Angus residents are advised to put their bins out as normal.
Angus residents are advised to put their bins out as normal.

Bobbies getting younger and the complicated foreign language of youth when, it seems, if something is sick that is actually a very good thing.

A couple of regular indicators of the advancing years which also include remembering where you left the car – although admittedly it’s not so tricky to spot your motor in an Angus car park these days.

But the major weekly cerebral conundrum Chez Broon is what colour bin has to go out on Tuesday night.

It should be quite simple; a straightforward choice of purple or grey on alternative weeks.

The easy option would also be a printed out idiot’s guide calendar the council helpfully puts up online for forgetful loons like myself.

But that would deprive me of the simple pleasure in my simple mind of getting the 50:50 choice right.

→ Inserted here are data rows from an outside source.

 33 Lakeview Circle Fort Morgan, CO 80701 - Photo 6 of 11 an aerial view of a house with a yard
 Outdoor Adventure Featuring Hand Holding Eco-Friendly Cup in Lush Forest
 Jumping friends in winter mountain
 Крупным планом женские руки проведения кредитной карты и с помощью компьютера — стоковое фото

Life on the ragged edge, folks.

And change is on its way with a planned April 1 move to a two-shift pattern which will put bin lorries on local streets until 10pm.

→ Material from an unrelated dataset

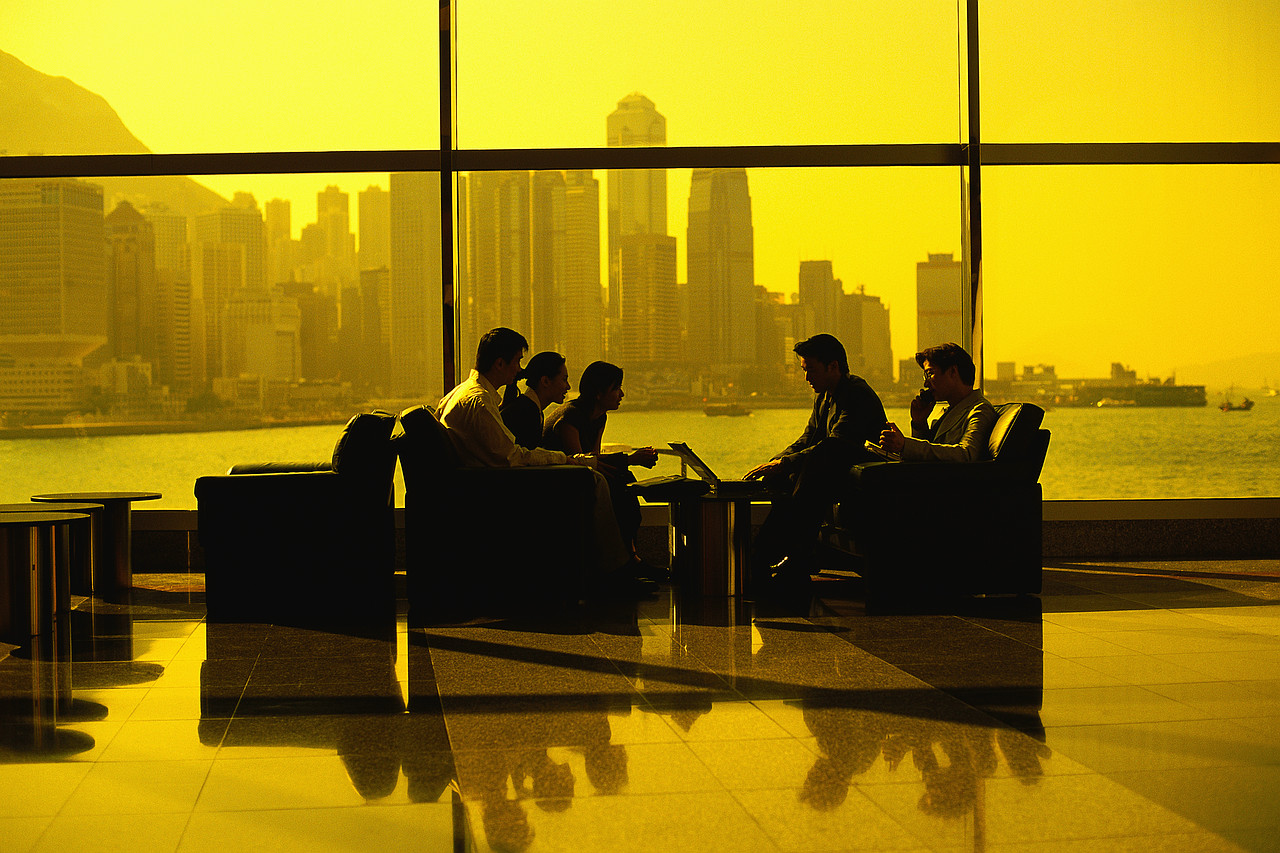 Visible through the lobby window at the Hong Kong Convention and Exhibition Centre are skyscrapers of Hong Kong, and Victoria Harbour. ca. 1980-2000 Hong Kong, China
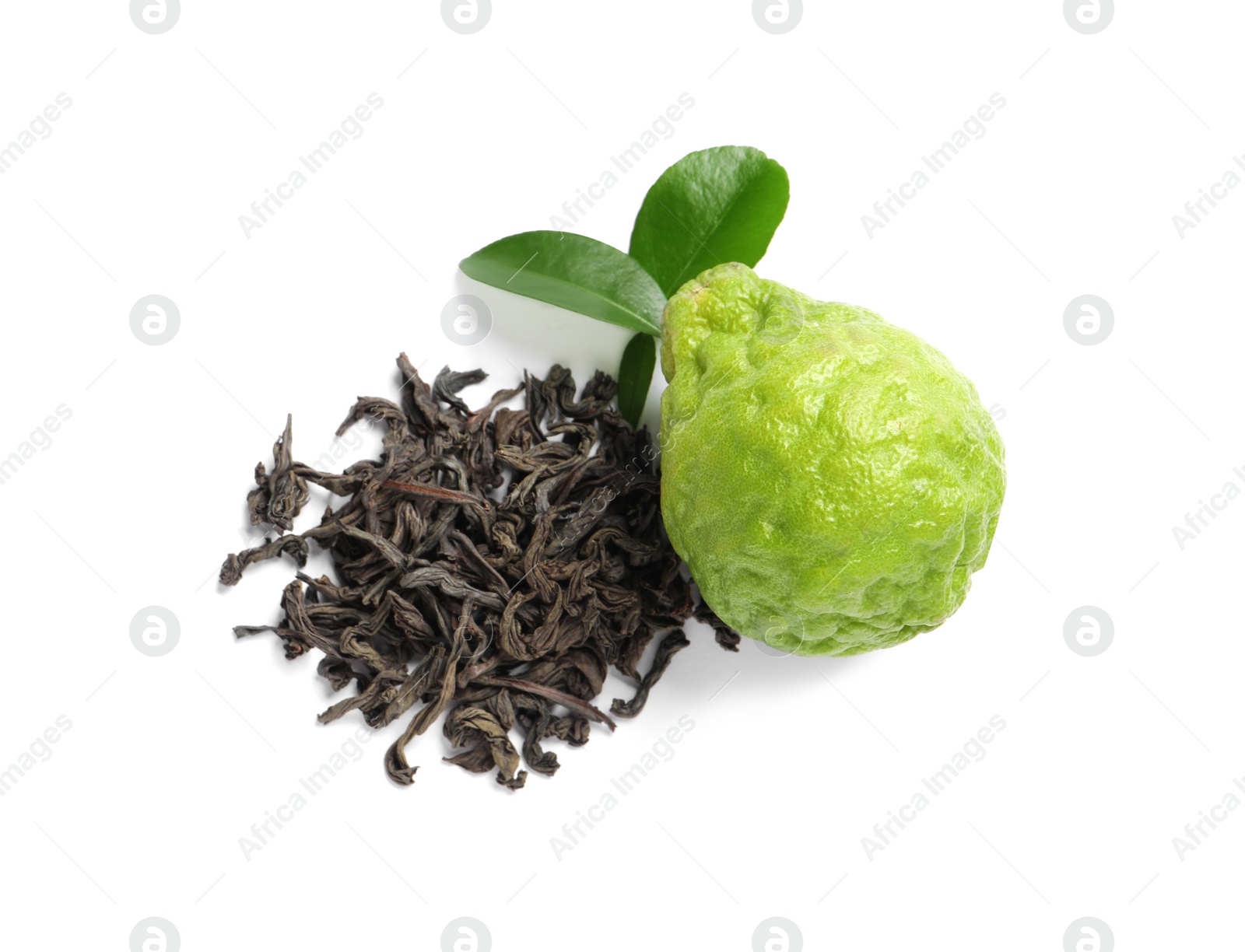 Photo of Pile of dry bergamot tea leaves and fresh fruit on white background, top view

Efficiency and maximising the use of a reduced refuse vehicle fleet is at the heart of the plan, with council bosses hoping to bring down the waste collection bill by a not insignificant £160,000 a year.

The proposals have been batted around for more than a year but, eight weeks before staff are due to swap their 7am to 3pm for alternating weekly shifts of 6am to 2pm and 3-10pm, binmen and bosses remain at loggerheads.

The workers say Angus’s rural roads are just not suited to collections in the blackness of a winter night when reversing a truck on an unlit stretch will put everyone in danger.

There’s also the concern over the problems they’ll face in clogged up town streets where everyone in the multi-car household is home for the evening, rather than away at work for the day in a pattern which currently frees up residential areas.

The outcome may be strike action after 140 environmental services staff were balloted in recent days on the issue.

Union bosses say they have been left with no other avenue to take.

For everyone’s sake we must hope that industrial action will be avoided, but with the clock ticking and the plans in place it seems the choice is around the same odds as whether it’s grey or purple I put out on the pavement on Tuesday.